Piłkarze Concordii Knurów od dawna nie mieli powodów do radości. Dziesięć kolejnych spotkań bez zwycięstwa sprawiło, że drużyna spadła na dno tabeli i stała się czerwoną latarnią ligi. Ostatni raz knurowianie cieszyli się z kompletu punktów na początku sierpnia – podczas inauguracji sezonu. Od tego momentu wszystko się posypało. Podopieczni trenera Jarosława Kupisa wiedzą jednak, że jeszcze nie wszystko stracone. Do końca rundy jesiennej pozostały cztery mecze, które mogą odmienić obraz sytuacji. Jeśli Concordia chce przezimować z nadzieją na utrzymanie, musi zacząć punktować – i to już w najbliższą sobotę.
To właśnie tego dnia, o godzinie 14:00 knurowska Concordia podejmie na własnym stadionie Śląsk Świętochłowice – rywala, który wydaje się być w zasięgu. Choć Śląsk to klub z ponad stuletnią historią i chlubną przeszłością (m.in. piąte miejsce w Ekstraklasie w 1935 roku oraz czterokrotne mistrzostwo polskiej części Górnego Śląska), obecnie również boryka się z problemami.
W trwającym sezonie zespół ze Świętochłowic zdobył zaledwie dziesięć punktów – na co złożyły się trzy zwycięstwa, jeden remis i aż siedem porażek. Co istotne, Śląsk przegrał wszystkie mecze wyjazdowe, co daje knurowianom realną nadzieję na przełamanie fatalnej serii. W Świętochłowicach niedawno doszło też do zmiany na ławce trenerskiej. Nowym szkoleniowcem został Maciej Szmatiuk, który zastąpił Arkadiusza Spiolka. Ten ostatni, choć zrezygnował z funkcji pierwszego trenera, pozostał w sztabie zespołu.
W Concordii nikt nie wpada w panikę. Klub zachowuje chłodną głowę, zdając sobie sprawę z ograniczeń kadrowych i z tego, że zespół wpadł w dołek formy, a nie zapomniał, jak się gra w piłkę – „Trzeba zachować spokój i konsekwentnie pracować. W piłce wszystko może się odmienić w jednej chwili” – słyszymy w klubowych kuluarach.
Kibice również nie tracą wiary, choć rozczarowanie wynikami jest widoczne.
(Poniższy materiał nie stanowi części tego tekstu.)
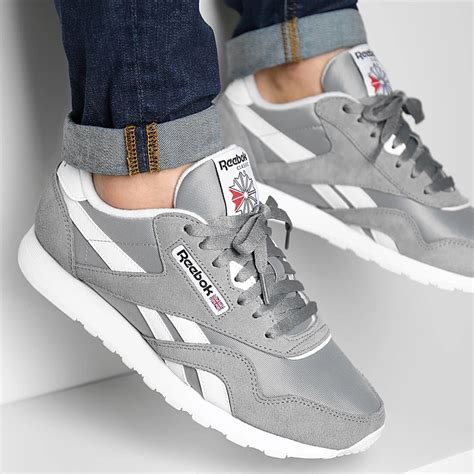 Gray reebok shoes online
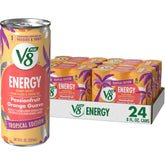 V8 +Energy front can showing tropical flavor and slim design benefit
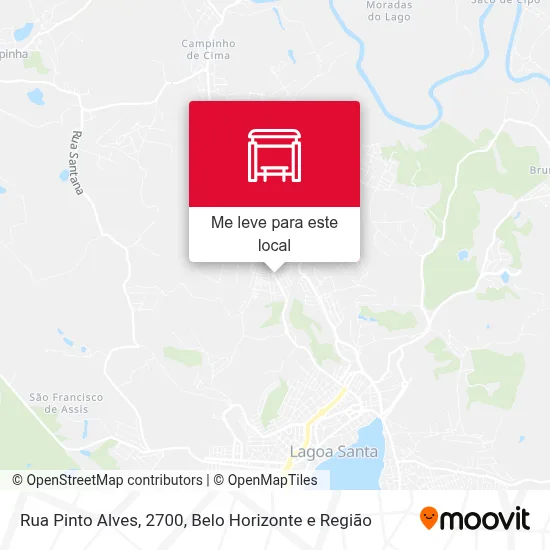 Rua Pinto Alves, 2700 mapa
Wszyscy liczą, że końcówka rundy jesiennej przyniesie długo wyczekiwane zwycięstwa i pozwoli z optymizmem patrzeć w przyszłość. W sobotę na stadionie przy ulicy Dworcowej knurowianie zagrają nie tylko o punkty, ale też o odbudowanie pewności siebie i przywrócenie wiary w sukces. Bo jeśli teraz nie nastąpi przełamanie – zima w klubie może być wyjątkowo trudna.